Hello, I think I am having a similar issue except seems it may be related to diamond:
I ran Broccoli (v1.2.1) with default parameters and I get the following error message:

multiprocessing.pool.RemoteTraceback:
"""
Traceback (most recent call last):
File "/data/evassvis/software/anaconda3/envs/broccoli_env/lib/python3.6/multiprocessing/pool.py", line 119, in worker
result = (True, func(*args, **kwds))
File "/data/evassvis/software/anaconda3/envs/broccoli_env/lib/python3.6/multiprocessing/pool.py", line 44, in mapstar
return list(map(*args))
File "/lustre/alice3/data/evassvis/software/broccoli_new/Broccoli-master/scripts/broccoli_step2.py", line 238, in process_file
--compress 1 --more-sensitive -e ' + str(evalue) + ' -o ' + str(index_dir / search_output) + ' --outfmt 6 qseqid sseqid qstart qend sstart cigar 2>&1', shell=True)
File "/data/evassvis/software/anaconda3/envs/broccoli_env/lib/python3.6/subprocess.py", line 356, in check_output
**kwargs).stdout
File "/data/evassvis/software/anaconda3/envs/broccoli_env/lib/python3.6/subprocess.py", line 438, in run
output=stdout, stderr=stderr)
subprocess.CalledProcessError: Command 'diamond blastp --quiet --threads 1 --db dir_step2/databases/61.db --max-target-seqs 6 --query dir_step1/24.fas --compress 1 --more-sensitive -e 0.001 -o dir_step2/24/24_61.gz --outfmt 6 qseqid sseqid qstart qend sstart cigar 2>&1' returned non-zero exit status 1.
"""

The above exception was the direct cause of the following exception:

Traceback (most recent call last):
File "/data/evassvis/software/broccoli_new/Broccoli-master/broccoli.py", line 148, in
broccoli_step2.step2_phylomes(evalue, max_per_species, path_diamond, path_fasttree, trim_thres, phylo_method, nb_threads)
File "/lustre/alice3/data/evassvis/software/broccoli_new/Broccoli-master/scripts/broccoli_step2.py", line 78, in step2_phylomes
multithread_process_file(list_files, nb_threads)
File "/lustre/alice3/data/evassvis/software/broccoli_new/Broccoli-master/scripts/broccoli_step2.py", line 151, in multithread_process_file
results_2 = tmp_res.get()
File "/data/evassvis/software/anaconda3/envs/broccoli_env/lib/python3.6/multiprocessing/pool.py", line 644, in get
raise self._value
subprocess.CalledProcessError: Command 'diamond blastp --quiet --threads 1 --db dir_step2/databases/61.db --max-target-seqs 6 --query dir_step1/24.fas --compress 1 --more-sensitive -e 0.001 -o dir_step2/24/24_61.gz --outfmt 6 qseqid sseqid qstart qend sstart cigar 2>&1' returned non-zero exit status 1.

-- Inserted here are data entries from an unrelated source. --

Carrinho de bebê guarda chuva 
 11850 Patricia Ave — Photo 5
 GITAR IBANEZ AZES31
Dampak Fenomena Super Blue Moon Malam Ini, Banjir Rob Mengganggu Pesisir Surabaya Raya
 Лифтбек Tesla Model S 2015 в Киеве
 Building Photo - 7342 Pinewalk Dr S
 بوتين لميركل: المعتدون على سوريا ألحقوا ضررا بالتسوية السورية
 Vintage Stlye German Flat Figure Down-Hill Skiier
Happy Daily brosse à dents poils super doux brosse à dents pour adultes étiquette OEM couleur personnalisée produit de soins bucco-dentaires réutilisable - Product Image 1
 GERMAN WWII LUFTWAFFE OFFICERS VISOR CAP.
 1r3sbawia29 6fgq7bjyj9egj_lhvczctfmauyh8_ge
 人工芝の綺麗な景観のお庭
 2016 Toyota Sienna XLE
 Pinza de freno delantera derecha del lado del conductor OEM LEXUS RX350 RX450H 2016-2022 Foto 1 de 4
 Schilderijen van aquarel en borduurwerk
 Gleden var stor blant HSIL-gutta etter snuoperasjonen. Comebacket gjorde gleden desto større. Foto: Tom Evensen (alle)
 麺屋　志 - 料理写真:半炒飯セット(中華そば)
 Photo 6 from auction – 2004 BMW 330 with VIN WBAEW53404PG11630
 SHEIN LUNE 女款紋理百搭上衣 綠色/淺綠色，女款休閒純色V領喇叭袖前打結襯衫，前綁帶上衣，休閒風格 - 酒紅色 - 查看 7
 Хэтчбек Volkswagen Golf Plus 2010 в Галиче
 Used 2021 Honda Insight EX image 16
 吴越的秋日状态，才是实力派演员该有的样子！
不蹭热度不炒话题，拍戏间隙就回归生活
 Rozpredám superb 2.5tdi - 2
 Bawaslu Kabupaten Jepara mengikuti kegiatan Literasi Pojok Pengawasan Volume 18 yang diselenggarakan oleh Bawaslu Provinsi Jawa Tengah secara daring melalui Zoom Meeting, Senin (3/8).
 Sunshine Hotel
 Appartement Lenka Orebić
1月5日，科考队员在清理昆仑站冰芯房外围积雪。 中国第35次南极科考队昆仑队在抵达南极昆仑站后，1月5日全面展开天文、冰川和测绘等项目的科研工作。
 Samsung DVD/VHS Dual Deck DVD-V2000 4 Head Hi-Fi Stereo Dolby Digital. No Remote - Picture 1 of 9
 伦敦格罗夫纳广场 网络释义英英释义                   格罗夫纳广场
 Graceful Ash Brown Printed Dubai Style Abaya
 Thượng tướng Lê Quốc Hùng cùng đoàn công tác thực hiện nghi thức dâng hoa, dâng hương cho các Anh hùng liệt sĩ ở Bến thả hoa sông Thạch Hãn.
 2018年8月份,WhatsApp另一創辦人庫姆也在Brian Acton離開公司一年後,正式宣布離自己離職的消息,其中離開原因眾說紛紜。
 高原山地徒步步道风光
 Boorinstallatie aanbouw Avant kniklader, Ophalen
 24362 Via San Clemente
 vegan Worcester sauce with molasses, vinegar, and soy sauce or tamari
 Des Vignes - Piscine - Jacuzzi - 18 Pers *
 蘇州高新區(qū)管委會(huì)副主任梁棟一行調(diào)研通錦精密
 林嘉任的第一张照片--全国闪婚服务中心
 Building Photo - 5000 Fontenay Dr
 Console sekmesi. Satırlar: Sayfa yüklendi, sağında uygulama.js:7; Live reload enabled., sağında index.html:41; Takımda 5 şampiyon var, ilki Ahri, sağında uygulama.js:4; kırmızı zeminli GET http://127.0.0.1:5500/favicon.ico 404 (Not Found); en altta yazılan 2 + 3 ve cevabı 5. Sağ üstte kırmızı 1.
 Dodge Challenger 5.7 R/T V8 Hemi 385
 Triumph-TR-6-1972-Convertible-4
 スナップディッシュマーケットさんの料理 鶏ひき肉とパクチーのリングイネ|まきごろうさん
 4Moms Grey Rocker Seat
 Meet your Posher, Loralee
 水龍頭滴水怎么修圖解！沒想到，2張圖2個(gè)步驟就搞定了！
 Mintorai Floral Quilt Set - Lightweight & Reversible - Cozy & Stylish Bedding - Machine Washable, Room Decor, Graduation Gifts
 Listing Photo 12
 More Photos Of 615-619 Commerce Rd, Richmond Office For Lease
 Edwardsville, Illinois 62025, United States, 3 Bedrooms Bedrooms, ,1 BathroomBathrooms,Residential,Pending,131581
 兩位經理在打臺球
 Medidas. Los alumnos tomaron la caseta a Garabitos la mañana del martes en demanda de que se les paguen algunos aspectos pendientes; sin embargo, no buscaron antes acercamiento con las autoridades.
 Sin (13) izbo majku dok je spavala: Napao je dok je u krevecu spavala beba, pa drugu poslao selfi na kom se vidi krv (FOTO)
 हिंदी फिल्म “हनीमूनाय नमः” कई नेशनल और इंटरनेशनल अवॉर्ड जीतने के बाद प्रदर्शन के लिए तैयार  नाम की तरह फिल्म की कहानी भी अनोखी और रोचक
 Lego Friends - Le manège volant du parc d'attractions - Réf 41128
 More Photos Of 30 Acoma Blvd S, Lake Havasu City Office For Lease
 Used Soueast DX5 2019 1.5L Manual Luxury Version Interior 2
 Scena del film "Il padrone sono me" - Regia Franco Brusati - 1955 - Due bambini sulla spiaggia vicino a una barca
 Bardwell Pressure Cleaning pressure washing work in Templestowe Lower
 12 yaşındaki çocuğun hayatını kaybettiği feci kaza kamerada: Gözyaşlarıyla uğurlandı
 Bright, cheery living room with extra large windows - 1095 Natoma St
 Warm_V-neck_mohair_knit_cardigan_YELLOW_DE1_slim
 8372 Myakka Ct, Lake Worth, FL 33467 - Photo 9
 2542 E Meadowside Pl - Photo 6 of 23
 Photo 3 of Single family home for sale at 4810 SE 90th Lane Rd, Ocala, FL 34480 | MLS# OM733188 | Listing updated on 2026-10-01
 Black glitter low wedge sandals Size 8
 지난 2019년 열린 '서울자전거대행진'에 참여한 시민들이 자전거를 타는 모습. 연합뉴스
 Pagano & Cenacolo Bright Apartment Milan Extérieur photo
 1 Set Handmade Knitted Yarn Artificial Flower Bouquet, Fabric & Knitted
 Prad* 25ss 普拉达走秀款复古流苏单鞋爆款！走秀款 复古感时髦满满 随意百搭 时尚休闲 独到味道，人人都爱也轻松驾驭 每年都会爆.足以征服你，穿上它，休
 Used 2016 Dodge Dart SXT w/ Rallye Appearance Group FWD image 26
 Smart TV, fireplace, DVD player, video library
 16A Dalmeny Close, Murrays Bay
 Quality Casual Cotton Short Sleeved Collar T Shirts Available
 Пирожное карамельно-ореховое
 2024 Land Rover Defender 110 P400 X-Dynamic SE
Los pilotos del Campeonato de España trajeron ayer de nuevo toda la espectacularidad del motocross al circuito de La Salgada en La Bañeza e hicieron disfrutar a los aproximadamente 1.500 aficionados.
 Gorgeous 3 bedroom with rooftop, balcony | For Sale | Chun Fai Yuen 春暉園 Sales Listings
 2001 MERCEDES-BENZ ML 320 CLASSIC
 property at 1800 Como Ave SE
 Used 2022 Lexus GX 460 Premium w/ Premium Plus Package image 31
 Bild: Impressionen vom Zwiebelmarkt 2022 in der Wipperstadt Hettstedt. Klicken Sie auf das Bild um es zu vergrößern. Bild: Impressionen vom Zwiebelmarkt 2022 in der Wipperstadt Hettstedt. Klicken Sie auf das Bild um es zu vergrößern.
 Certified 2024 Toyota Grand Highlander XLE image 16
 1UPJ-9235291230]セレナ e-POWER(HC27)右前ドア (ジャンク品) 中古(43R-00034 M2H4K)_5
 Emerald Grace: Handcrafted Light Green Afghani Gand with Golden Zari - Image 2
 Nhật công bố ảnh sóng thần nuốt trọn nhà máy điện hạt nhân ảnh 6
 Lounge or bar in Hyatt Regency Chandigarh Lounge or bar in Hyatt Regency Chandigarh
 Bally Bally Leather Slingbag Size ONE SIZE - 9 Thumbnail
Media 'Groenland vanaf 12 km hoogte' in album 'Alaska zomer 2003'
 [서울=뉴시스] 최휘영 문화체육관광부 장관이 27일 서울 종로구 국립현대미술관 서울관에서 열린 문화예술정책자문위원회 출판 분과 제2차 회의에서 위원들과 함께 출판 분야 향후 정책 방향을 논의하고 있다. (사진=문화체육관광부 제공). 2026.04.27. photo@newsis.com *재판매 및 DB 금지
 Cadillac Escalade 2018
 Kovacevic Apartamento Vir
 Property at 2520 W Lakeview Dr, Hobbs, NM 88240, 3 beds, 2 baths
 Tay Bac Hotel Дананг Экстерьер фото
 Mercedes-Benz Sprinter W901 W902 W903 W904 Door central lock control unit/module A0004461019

I am also not sure if/what something is wrong with my input proteomes. Any suggestions? Happy to share any file if it can be of help to uncover the source of the problem.
Thank you
Alessandra

Hi,

could you please run the diamond command line and post here the output (error message):
diamond blastp --quiet --threads 1 --db dir_step2/databases/61.db --max-target-seqs 6 --query dir_step1/24.fas --compress 1 --more-sensitive -e 0.001 -o dir_step2/24/24_61.gz --outfmt 6 qseqid sseqid qstart qend sstart cigar
with that I could find the issue.
thanks

Romain

Hi Romain, thanks for your reply.
If I run the command you asked in the same directory of the failed run I get the message:

Error: Incomplete database file. Database building did not complete successfully.

Of note, I have in the meantime filtered out from my proteomes files any file that resulted empty and re-ran Broccoli and in that way it worked. Could that be a cause of the problem?

Thanks a lot
Alessandra